Posts Tagged ‘ssb’

Funkvergnügung!

Wednesday, November 5th, 2008

Funk- — of or relating to radio.
Vergnügung — enjoyment, pleasure.
Funkvergnügung would therefore be something akin to operating pleasure.

Ahh — the K3/100 is here! All unpacked, assembled, (troubleshot, sent back, repaired, aligned, reshipped, and re-unpacked,) antennified, and energized.

Operating the K3 — Funkvergnügung!

Operating the K3 — Funkvergnügung!

The first weekend I had it (all healthy and whole) was the CQWW-SSB contest. This is 48 hours of pure DXer heaven — well, for those of us who don’t do CW well enough anyway. Stations from all over the world are on, trying to contact everyone else they can. I only had 58 Qs (QSOs: contacts) in the few hours I had to operate. Many were from Argentina and Brazil, with a few other South American contacts, a few Hawaii and Mexico stations, and a solid contact with a station in Spain!

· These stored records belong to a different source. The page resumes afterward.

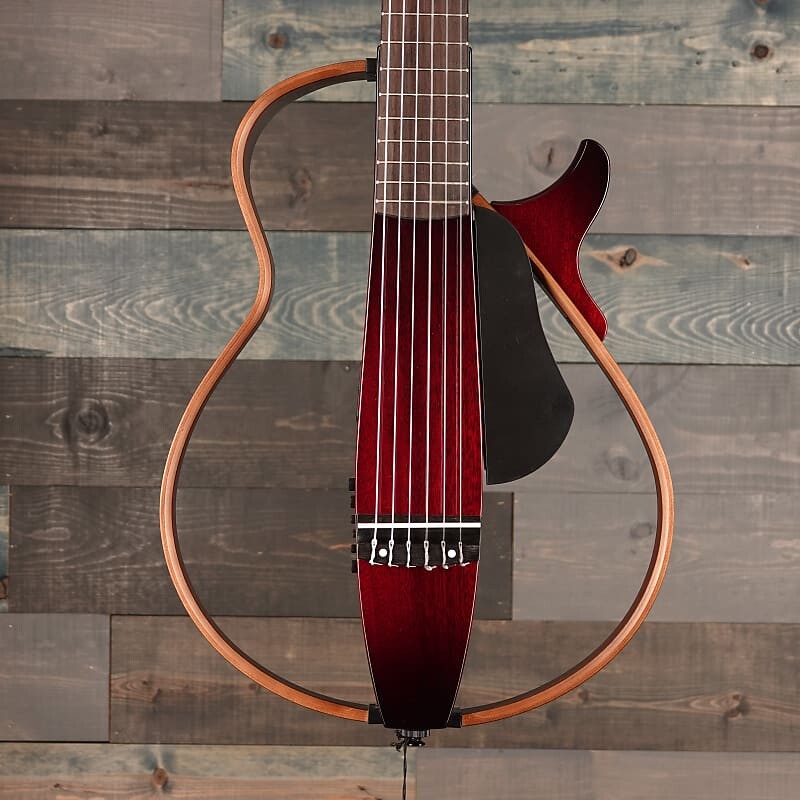 Yamaha SLG200N Crimson Red Burst Бесшумная гитара SLG200N Crimson Red Burst Silent Guitar
Yamaha SLG200N Crimson Red Burst Бесшумная гитара SLG200N Crimson Red Burst Silent Guitar
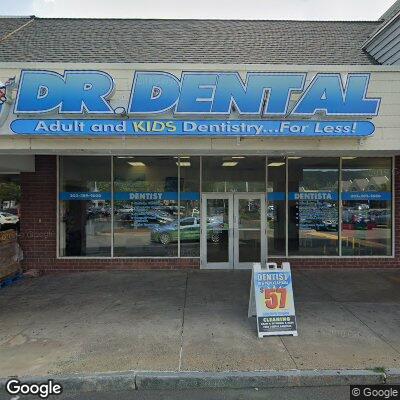 Thumbnail image of the front of a dentist office practice with the name Hamden Plaza Family Dental, PC which is located in New Haven, CT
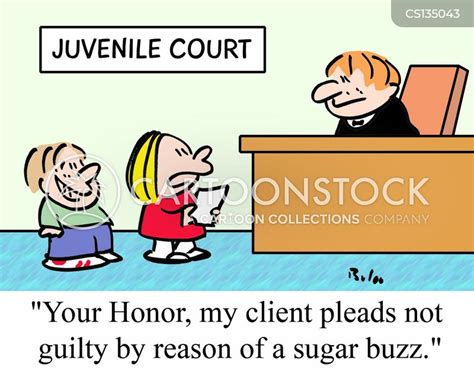 juvenile court cartoons and comics funny pictures from cartoonstock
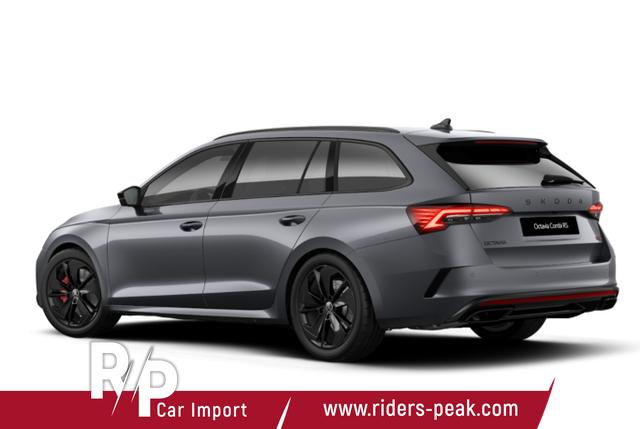 Skoda Octavia Combi RS Matrix Nav ACC el.Heck 5J/100k 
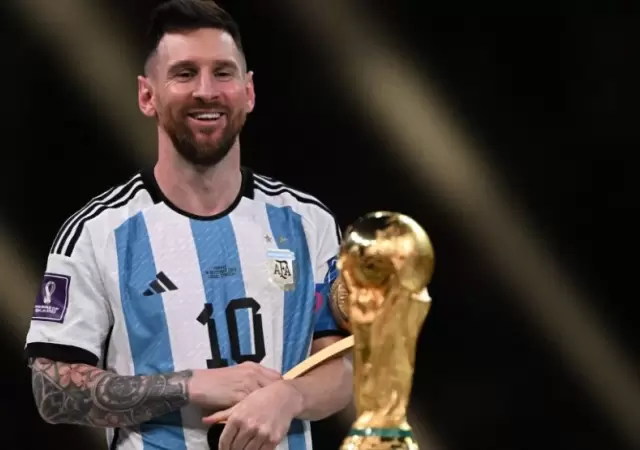 Lionel Messi busca romper los r�cords de goles de Klose y de asistencias de Pel� en la Copa del Mundo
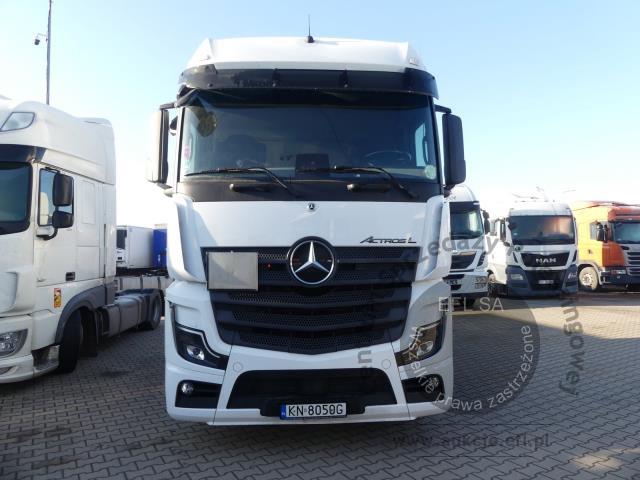 2 - MERCEDES BENZ ACTROS L 1845 BLUETEC 6 4X2 2022r.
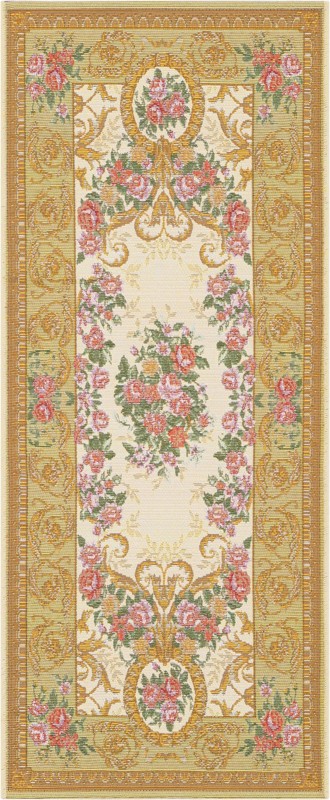 2' x 5' Lomax · Floral / botanical Outdoor Rug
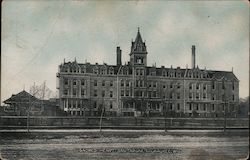 Sacred Heart Sanitarium Postcard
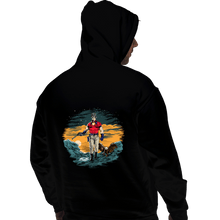 Load image into Gallery viewer, Secret_Shirts Pullover Hoodies, Unisex / Small / Black Peacedalorian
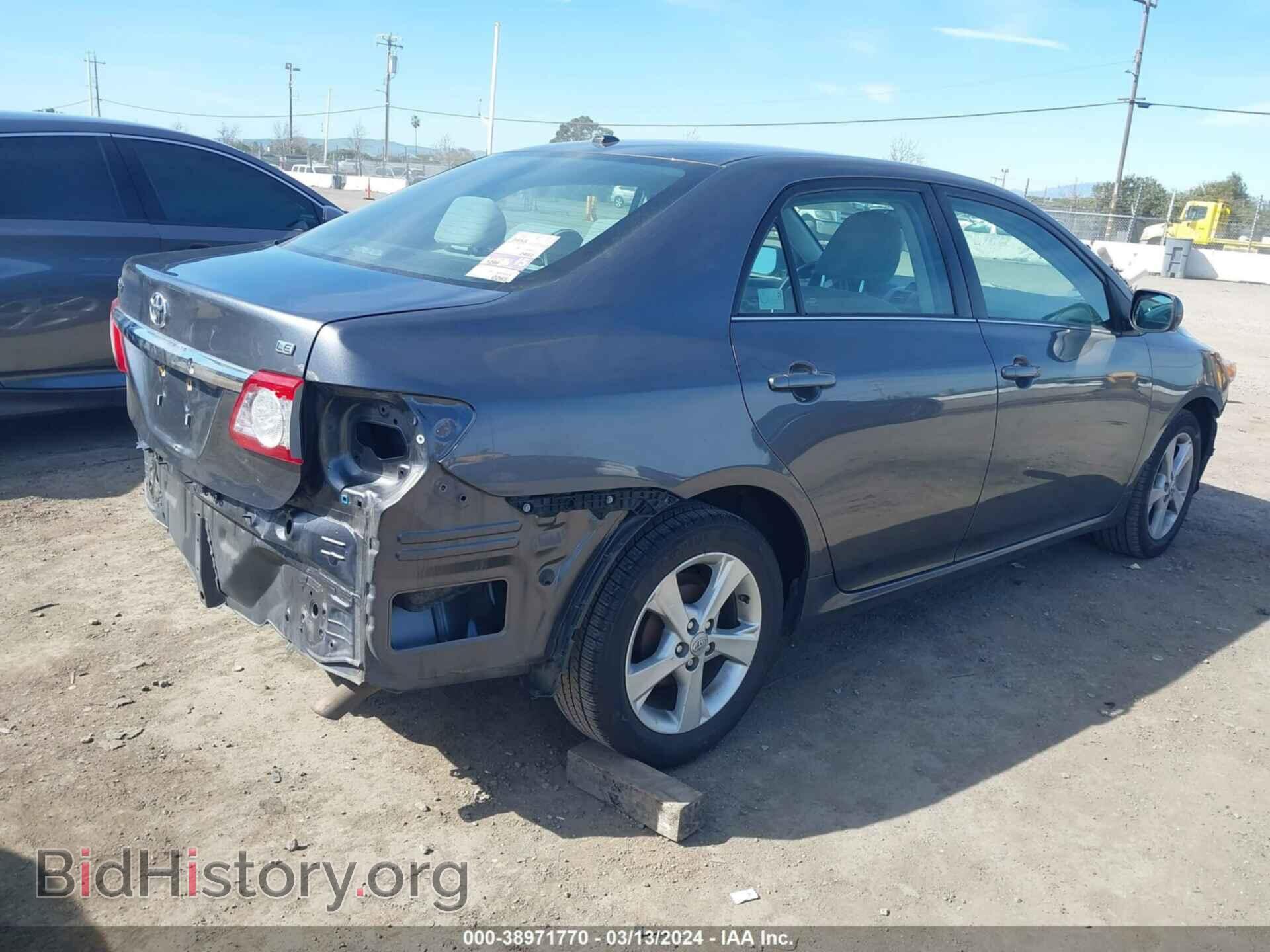 2013 TOYOTA COROLLA - VIN: 2T1BU4EE2DC109208 - Фото 4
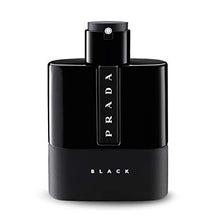 Load image into Gallery viewer, Prada Luna Rossa Black for Men Eau de Parfum Spray, 3.4 Ounce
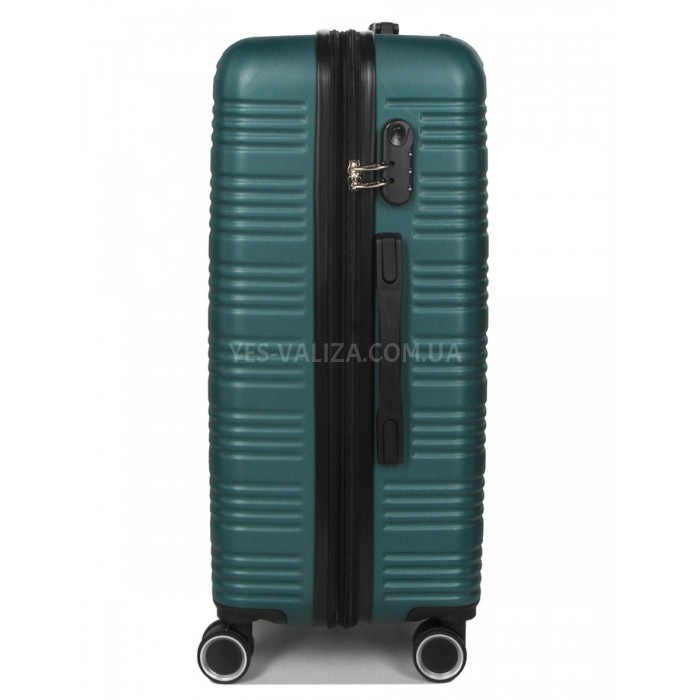 Чемодан Франция малый S зелёный 55х40х25(+5)см/50л/2.9кг/Worldline 805, фото 5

The crazy thing, for me, was how wonderfully selective the K3 was, as compared to my IC-706MKIIG, and even my K2. Admittedly, I do have some nice roofing filters in the K3, but being able to tune up and down the band and have stations copyable despite the closeness to other stations … sometimes they were less than 1-kHz apart, but still workable, where all of my other radios want the more standard 2.5- to 3-kHz spacing between stations if you want to reliably understand what they’re saying.

Simply amazing.

I love my new K3. I had a chance to do some A/B testing with an IC-756 ProIII at another club-member’s home, and while there were strong similarities in capabilities between the radios, and even though his had some nice features — like the band-scope, being sexier to look at — I’ll keep my K3, and be very satisfied with it.

Thank you, Elecraft, for designing and producing such a nice radio. Not for everyone, admittedly, but I’m one happy camper — erm, ham-mer. :D


For those interested in the problem:
There was an intermittent solder short from the factory on one of the boards which caused one of the many micro-controllers to fail. Gary, on their tech support staff, was very good to work with, and helped me narrow the problem down over several days (email exchanges being what they are). Elecraft made good on it though, and did all the repair work. They even aligned the radio once everything was working. They want to make sure that all the parts are not just working, but working together in the system as well as they can make it work. That meant I had to be a little patient again, but that’s OK. This radio’s a joy to own and operate!